◆ Activity
Your output should be exactly the lines from the one containing "Chrestomathia Ciceroniana Oder: Auserlesene" through the last line of the listing, and nothing else. Pictures stay out.

◆ Material provided
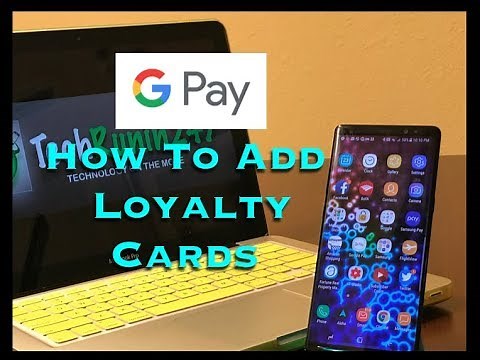 Google Pay: How To Add Loyalty Cards!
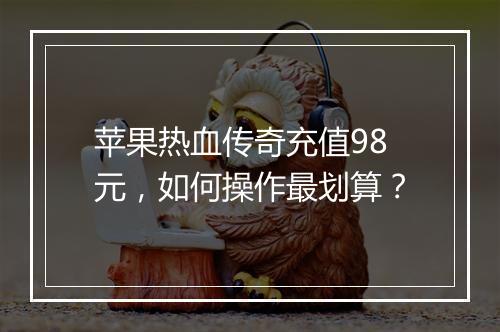 苹果热血传奇充值98元，如何操作最划算？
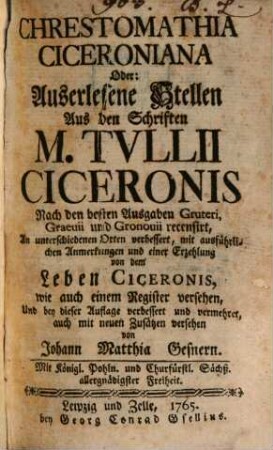 Chrestomathia Ciceroniana Oder: Auserlesene Stellen Aus den Schriften M. Tvllii Ciceronis : Nach den besten Ausgaben Gruteri Graeuii und Gronouii recensirt, An unterschiedenen Orten verbessert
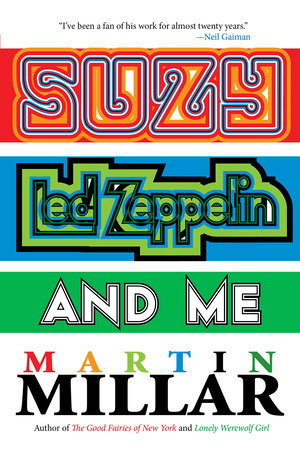 Suzy, Led Zeppelin, and Me by Martin Millar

◆ Result below
 Chrestomathia Ciceroniana Oder: Auserlesene Stellen Aus den Schriften M. Tvllii Ciceronis : Nach den besten Ausgaben Gruteri Graeuii und Gronouii recensirt, An unterschiedenen Orten verbessert
 Suzy, Led Zeppelin, and Me by Martin Millar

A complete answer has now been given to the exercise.